Prompt
Extract, unchanged, every line from the top of the material below through the line with "Ford Focus, 2.0 л, Робот, 2014 фото 6", and no more.

** Records to use follows **

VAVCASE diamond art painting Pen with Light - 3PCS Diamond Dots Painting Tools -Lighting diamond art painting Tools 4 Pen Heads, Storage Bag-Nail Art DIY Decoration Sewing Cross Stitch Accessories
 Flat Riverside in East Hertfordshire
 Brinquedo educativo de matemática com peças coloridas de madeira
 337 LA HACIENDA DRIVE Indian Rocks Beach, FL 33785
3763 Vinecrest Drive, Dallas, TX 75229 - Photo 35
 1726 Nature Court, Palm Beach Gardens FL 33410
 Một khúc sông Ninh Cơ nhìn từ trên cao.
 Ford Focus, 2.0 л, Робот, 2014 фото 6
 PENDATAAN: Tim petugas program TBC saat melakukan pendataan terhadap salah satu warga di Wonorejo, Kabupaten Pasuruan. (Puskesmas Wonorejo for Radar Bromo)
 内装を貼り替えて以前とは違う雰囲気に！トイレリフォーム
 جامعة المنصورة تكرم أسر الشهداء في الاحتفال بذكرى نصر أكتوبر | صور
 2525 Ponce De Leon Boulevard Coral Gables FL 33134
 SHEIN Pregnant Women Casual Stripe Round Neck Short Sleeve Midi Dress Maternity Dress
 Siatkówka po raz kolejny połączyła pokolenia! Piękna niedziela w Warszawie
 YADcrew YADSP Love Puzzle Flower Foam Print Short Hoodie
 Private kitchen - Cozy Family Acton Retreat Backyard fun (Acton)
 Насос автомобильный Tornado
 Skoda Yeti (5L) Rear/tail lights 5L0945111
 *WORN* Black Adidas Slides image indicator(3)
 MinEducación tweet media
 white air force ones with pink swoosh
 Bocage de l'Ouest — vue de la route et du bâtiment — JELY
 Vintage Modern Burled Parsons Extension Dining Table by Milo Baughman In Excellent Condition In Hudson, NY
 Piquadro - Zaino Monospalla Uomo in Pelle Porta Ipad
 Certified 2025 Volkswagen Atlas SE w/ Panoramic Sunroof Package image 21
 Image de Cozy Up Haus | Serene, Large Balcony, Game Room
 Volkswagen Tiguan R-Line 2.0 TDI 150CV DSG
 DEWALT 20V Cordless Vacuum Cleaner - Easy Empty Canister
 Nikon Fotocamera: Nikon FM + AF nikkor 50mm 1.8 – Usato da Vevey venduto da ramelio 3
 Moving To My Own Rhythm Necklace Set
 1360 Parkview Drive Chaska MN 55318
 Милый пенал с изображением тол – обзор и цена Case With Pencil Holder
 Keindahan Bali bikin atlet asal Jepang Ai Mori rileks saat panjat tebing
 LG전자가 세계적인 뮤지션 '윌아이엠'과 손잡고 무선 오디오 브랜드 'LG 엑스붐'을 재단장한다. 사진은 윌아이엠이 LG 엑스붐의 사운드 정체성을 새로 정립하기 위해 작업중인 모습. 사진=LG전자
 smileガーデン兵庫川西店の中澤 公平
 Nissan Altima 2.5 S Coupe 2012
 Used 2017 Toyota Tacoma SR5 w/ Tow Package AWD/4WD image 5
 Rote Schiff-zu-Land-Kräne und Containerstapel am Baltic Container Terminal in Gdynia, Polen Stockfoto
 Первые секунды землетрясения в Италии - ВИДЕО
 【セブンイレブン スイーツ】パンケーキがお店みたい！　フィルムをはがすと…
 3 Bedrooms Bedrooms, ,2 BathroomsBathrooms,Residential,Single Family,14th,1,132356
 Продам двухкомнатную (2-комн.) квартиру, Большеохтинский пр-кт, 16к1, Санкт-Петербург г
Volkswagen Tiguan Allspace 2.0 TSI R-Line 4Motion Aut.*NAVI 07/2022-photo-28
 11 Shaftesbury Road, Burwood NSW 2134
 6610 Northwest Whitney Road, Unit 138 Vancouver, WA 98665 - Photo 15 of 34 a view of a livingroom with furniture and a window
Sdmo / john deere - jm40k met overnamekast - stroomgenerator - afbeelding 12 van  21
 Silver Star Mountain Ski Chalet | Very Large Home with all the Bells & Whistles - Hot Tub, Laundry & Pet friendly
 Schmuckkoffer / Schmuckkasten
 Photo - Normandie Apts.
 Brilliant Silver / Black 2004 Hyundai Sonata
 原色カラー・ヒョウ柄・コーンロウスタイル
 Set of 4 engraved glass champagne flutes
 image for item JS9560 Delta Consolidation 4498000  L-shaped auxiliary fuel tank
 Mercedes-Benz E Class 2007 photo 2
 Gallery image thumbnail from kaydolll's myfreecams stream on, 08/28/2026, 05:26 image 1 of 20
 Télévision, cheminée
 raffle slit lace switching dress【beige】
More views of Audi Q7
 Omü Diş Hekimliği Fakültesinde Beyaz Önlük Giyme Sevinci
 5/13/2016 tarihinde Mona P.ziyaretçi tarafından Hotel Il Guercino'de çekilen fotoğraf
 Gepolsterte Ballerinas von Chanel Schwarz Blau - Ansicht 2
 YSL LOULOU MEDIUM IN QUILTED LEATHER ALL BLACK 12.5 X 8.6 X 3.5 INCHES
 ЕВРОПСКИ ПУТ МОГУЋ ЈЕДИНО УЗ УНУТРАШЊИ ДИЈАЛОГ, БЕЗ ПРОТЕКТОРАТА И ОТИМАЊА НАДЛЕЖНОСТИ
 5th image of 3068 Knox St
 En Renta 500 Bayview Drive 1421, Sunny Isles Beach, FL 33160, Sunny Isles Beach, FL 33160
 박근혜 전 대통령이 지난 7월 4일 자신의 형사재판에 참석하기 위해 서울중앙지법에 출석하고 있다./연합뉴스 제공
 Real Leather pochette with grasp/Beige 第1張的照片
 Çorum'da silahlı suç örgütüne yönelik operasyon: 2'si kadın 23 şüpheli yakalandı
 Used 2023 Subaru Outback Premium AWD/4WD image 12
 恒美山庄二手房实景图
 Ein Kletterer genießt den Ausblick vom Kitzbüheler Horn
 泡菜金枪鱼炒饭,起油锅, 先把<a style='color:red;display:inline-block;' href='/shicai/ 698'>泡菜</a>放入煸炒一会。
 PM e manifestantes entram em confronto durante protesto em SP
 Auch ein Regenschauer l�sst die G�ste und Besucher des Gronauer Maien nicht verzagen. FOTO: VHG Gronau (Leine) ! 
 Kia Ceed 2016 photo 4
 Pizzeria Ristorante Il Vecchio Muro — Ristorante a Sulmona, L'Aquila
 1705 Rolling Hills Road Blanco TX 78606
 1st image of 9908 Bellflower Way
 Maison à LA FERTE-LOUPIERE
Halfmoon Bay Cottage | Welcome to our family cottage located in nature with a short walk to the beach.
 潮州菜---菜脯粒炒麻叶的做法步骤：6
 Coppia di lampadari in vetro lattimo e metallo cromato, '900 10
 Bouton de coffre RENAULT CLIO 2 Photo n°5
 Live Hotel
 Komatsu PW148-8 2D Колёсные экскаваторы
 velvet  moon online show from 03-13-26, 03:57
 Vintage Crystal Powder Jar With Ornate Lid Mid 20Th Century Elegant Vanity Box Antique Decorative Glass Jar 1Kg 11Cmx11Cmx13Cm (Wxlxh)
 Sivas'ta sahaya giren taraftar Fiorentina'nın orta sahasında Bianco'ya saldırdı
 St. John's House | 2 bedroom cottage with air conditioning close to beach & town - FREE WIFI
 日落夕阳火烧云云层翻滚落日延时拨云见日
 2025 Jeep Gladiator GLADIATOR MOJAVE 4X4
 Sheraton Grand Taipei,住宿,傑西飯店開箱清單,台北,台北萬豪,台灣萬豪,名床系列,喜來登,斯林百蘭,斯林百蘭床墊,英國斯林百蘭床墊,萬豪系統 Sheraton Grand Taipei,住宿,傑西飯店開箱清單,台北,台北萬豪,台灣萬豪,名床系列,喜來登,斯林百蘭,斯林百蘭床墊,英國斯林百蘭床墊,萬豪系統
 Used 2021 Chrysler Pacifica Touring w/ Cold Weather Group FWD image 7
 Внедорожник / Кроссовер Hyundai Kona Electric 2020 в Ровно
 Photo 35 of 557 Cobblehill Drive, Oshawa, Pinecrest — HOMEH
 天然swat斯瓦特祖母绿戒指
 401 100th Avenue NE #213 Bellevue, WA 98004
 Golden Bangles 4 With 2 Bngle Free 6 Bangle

** End of Records to use **

Exercise answer
VAVCASE diamond art painting Pen with Light - 3PCS Diamond Dots Painting Tools -Lighting diamond art painting Tools 4 Pen Heads, Storage Bag-Nail Art DIY Decoration Sewing Cross Stitch Accessories
 Flat Riverside in East Hertfordshire
 Brinquedo educativo de matemática com peças coloridas de madeira
 337 LA HACIENDA DRIVE Indian Rocks Beach, FL 33785
3763 Vinecrest Drive, Dallas, TX 75229 - Photo 35
 1726 Nature Court, Palm Beach Gardens FL 33410
 Một khúc sông Ninh Cơ nhìn từ trên cao.
 Ford Focus, 2.0 л, Робот, 2014 фото 6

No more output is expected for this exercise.